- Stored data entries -
----

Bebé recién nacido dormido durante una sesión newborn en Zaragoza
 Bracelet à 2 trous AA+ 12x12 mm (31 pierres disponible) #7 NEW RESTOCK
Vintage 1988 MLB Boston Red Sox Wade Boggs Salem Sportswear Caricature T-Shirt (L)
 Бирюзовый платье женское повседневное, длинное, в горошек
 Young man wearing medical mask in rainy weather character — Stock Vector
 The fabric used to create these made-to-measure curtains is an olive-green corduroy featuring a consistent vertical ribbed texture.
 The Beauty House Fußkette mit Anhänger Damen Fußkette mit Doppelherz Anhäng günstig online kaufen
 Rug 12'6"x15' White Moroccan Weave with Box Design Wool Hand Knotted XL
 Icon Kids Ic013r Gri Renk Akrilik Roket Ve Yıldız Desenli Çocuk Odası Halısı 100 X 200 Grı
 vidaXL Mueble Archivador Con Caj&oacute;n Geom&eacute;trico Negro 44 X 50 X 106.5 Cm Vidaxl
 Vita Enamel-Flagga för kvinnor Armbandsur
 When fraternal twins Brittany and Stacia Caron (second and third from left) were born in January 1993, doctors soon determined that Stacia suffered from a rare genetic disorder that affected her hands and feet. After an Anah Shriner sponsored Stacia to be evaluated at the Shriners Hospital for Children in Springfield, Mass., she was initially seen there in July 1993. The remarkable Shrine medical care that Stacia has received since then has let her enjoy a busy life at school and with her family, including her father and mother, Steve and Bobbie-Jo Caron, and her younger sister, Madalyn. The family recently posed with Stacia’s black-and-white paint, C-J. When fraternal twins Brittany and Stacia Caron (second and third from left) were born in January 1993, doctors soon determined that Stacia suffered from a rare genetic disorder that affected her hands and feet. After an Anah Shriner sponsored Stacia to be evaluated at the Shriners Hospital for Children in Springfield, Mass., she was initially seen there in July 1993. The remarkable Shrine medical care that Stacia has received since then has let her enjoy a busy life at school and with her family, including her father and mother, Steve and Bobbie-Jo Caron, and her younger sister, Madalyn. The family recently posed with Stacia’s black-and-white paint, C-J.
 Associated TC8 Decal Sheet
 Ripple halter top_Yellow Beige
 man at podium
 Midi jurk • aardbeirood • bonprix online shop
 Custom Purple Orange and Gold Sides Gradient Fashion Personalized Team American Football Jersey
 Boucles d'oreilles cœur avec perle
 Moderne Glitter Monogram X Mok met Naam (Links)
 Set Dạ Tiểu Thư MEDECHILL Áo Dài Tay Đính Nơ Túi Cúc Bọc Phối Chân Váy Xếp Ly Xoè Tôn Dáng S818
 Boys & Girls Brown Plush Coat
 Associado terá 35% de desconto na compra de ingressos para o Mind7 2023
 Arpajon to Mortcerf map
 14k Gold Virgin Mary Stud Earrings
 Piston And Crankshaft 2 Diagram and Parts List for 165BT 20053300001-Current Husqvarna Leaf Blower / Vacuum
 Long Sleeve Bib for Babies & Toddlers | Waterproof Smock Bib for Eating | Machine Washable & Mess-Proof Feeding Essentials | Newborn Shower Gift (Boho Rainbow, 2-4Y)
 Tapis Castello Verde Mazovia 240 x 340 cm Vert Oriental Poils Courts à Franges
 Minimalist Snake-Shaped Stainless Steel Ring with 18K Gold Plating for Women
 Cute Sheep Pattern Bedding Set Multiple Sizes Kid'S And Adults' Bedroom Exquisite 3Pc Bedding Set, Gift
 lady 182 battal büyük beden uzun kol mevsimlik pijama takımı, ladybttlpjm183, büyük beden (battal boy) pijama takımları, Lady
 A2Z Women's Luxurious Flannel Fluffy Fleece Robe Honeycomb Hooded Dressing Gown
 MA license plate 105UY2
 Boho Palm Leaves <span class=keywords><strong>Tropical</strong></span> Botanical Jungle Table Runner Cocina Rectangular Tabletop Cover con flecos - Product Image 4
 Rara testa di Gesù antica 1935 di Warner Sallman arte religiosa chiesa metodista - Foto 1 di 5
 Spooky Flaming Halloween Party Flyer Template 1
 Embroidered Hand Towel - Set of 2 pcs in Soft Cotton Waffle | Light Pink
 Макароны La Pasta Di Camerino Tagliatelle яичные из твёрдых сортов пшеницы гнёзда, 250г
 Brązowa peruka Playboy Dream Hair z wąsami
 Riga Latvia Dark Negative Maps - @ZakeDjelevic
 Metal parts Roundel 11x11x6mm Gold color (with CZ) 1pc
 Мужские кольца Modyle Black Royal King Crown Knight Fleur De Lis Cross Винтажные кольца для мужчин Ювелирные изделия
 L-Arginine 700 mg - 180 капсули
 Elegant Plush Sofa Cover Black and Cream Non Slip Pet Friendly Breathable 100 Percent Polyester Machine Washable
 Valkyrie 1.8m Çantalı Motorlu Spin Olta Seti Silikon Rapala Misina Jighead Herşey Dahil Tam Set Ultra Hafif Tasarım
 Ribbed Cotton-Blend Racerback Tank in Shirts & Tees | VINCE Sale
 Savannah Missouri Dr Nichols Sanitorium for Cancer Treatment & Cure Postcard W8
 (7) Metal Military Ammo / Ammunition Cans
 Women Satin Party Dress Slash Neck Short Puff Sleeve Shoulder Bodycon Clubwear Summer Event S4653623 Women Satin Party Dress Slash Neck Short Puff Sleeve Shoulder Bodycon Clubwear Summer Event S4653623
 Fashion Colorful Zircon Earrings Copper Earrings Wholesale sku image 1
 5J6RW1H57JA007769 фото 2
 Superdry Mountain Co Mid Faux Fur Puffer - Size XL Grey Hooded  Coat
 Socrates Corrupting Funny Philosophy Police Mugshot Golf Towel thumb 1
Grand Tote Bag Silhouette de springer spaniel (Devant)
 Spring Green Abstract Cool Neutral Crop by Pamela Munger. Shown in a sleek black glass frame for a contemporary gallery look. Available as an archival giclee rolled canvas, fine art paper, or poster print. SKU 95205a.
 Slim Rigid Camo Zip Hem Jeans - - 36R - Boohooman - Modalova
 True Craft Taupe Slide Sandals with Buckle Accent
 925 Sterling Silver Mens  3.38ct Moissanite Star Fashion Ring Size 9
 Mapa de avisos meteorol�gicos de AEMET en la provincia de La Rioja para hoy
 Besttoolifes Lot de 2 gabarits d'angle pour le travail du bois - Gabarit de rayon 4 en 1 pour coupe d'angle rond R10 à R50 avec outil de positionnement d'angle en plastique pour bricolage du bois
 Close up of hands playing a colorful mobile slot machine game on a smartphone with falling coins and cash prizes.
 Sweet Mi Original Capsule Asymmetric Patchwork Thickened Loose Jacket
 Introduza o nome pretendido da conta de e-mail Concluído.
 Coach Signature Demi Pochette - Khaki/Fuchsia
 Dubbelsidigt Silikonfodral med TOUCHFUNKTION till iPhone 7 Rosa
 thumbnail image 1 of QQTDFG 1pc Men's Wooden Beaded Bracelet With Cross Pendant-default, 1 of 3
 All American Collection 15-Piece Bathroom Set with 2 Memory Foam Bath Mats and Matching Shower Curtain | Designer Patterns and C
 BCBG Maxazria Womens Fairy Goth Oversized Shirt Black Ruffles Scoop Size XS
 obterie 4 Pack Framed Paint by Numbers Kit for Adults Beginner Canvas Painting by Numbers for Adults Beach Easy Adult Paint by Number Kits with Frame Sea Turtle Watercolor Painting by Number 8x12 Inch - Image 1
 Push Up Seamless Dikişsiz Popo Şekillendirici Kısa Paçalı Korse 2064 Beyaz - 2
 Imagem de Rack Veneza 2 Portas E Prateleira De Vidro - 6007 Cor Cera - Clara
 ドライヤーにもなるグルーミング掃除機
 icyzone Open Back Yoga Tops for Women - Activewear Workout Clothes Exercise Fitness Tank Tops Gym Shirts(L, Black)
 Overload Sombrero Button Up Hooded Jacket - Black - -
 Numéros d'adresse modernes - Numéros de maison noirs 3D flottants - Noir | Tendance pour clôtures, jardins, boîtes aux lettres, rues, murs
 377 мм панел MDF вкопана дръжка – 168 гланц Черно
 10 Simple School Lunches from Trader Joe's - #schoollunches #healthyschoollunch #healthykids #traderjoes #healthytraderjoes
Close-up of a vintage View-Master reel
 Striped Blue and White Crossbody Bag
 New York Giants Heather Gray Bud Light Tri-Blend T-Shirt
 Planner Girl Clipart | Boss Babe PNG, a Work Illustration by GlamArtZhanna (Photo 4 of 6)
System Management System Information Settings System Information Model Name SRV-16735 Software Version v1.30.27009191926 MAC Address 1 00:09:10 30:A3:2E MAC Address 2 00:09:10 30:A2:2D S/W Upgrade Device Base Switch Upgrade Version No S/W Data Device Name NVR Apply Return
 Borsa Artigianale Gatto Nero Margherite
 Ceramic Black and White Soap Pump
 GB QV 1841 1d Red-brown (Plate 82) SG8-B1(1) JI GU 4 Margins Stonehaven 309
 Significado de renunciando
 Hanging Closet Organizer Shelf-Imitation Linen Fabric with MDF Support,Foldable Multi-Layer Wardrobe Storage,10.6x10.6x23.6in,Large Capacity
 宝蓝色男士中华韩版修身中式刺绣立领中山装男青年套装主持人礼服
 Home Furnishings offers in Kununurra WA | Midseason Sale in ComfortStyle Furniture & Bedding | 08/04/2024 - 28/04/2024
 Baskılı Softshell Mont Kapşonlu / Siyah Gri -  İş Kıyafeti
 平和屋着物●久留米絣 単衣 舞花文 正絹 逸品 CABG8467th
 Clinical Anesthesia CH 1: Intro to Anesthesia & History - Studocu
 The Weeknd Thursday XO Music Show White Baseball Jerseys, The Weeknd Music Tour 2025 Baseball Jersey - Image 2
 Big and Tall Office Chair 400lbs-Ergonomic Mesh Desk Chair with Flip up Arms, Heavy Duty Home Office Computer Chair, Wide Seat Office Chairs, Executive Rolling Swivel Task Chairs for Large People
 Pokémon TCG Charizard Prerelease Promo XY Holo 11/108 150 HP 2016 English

----

- Exercise prompt -
Copy out each line from the preceding entries that mentions the word "Earrings".

- Expected answer -
 14k Gold Virgin Mary Stud Earrings
 Fashion Colorful Zircon Earrings Copper Earrings Wholesale sku image 1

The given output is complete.